Apple (NASDAQ:APPL) has managed to impress again. More than five analysts have raised value targets on Apple (NASDAQ:APPL). The share price has reached its maximum peak since ever, to a remarkable $117.57, and went on to close at $116.31. This gives a market boast of $680 billion to the tech mammoth. This puts it way ahead of its rivals, such as Microsoft (NASDAQ:MSFT), Amazon (NASDAQ:AMZN), Netflix (NASDAQ:NFLX) and Twitter (NYSE:TWTR) combined. In terms of figures in the market, Apple (NASDAQ:APPL) is a clear winner. This remarkable performance has triggered the question, whether this trend will continue for the company, or it is just heaving benefits from a temporary rise in the market.
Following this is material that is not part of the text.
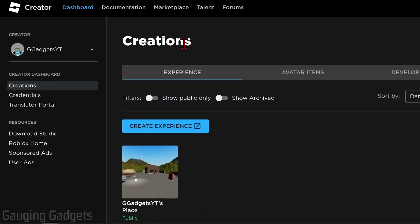Selecting Create will bring us to Creations, and we should be on the Experience tab. There are two different types of donation buttons we can have on our booth in Please Donate. First I'll show you how to delete or remove game passes from your booth, and then I'll show you how to remove shirts.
There are several factors that make Apple (NASDAQ:APPL) a hit and a miss. But is it going to become a trillion-dollar baby is the big question.
The fact that Apple (NASDAQ:APPL) is more valuable than all of Russian stock put together can’t entirely be the tech company’s genius. The collapse of ruble, fall in the oil prices and an overall mismanagement of the Russian economy are contributing factors. However, it is quite a incredible achievement that once bankrupt Apple (NASDAQ:APPL) has bounced back to become more valuable than whole of Russian economy put together.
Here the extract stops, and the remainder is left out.